To hell with legibility; just do the illegible and be illegible. Be a non-conformist. Stop using LLMs to generate code so you can make more milquetoast code and produce more boring words for other people to have an LLM summarize for them. There's 0 demand for both; let's focus our creativity on the tail ends of the distribution and create weird code and outrageous ideas/words instead
Also nice connection to Value Capture by C Thi Nguyen, I'm part way through the audiobook and it's really speaking to me lately.
So I mostly agree, but at the same time I think that a bunch of the processes mentioned here are widespread because they have real value as long as they are recognized as means and not ends.
Code review contributes greatly to quality and maintainability and nobody should be shipping unreviewed code unless something's on fire and there's literally no one you can grab to look over your shoulder.
If you spend one hour out of every two weeks to look over upcoming work and ask yourselves whether each task is still relevant to current needs, whether it's defined enough to work on, whether it has unresolved dependencies, or whether you need to break a chunk off or do some research — it won't just "increase velocity", it will make people feel better and more confident about their work.
Style guides save endless arguments over the kind of crap where the supposed benefits of A vs B are far smaller than the benefit of everyone just agreeing to one of them, and they make code review less likely to turn into an adversarial process. Etc. Etc.
The question is, do you have a team that does those things because they take some pride in work and recognize those things as tools that help them write high quality code, make customers happy, etc.? Or do you have a team that does those things because a team that follows the processes is "doing good work" regardless of whether they ship on time, regardless of whether their code is buggy, and regardless of whether the thing they're building serves customer needs?

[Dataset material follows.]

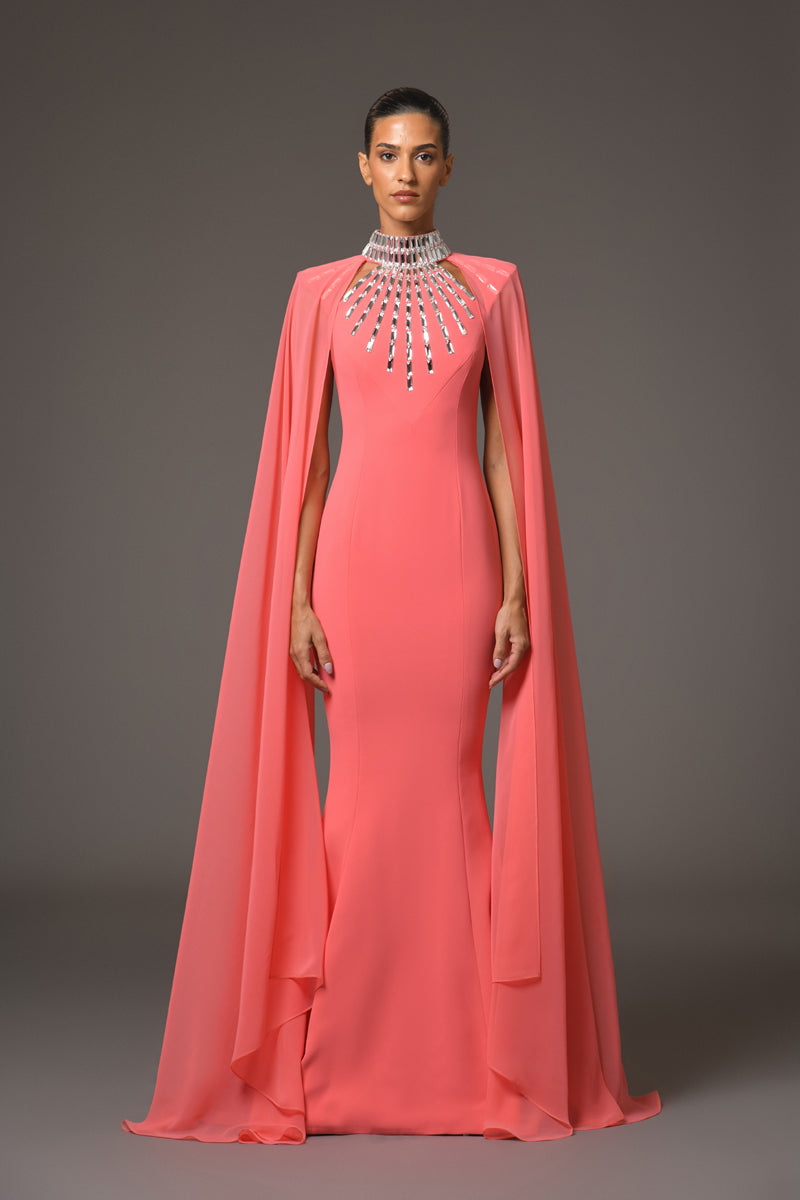 Coral crêpe dress with baguette embroidery and chiffon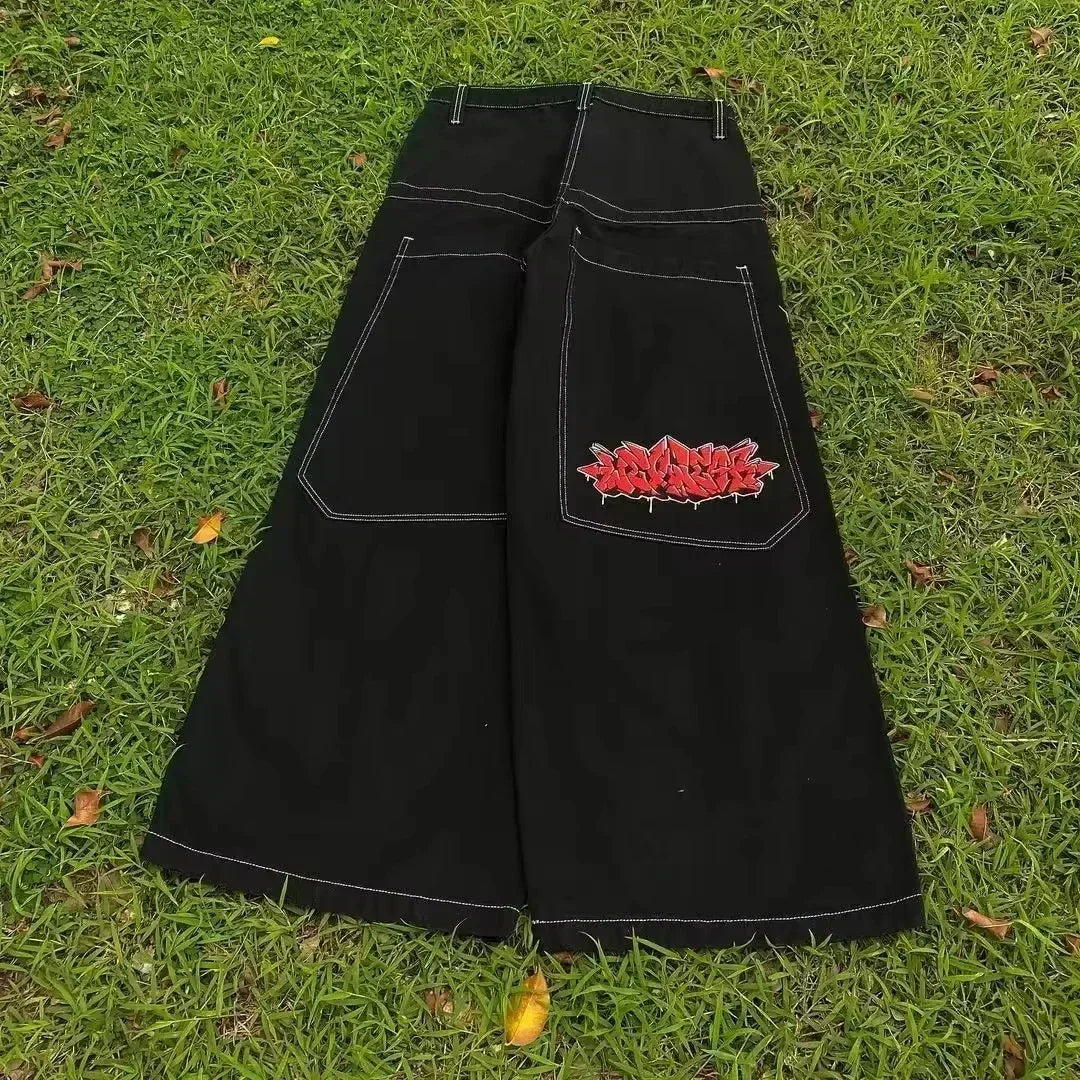 STORESDE 2025 New American Trend Retro Hip-hop Embroidery Pattern Baggy Jeans For Men And Women Y2K Harajuku Gothic Wide Pants Streetwear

“Ship on time” is totally about legibility. In my experience, the perceived value of a ship date is orders of magnitude more than actually shipping.
Fair enough, but just call it sloppy language on my part. I don't mean working to arbitrary deadlines, so much as not having your work wasted. i.e., does the feature ship at all, and in time to do any good?
Sorry - I do agree with your points, but the whole thing around estimation and delivery is a huge trigger for me, let’s just say I’ve been bludgeoned with it in a past life.
“Not having your work wasted” is a really good phrasing.
Relatable. I used to work for an agency. I mostly enjoyed the work, but having to log every hour of my time felt dehumanizing.
the processes mentioned here are widespread because they have real value as long as they are recognized as means and not ends.
Came here to say basically this. The social cohesion you gain is what's valuable. That cohesion can result in concrete gains that are legible, but that's not necessarily the main benefit.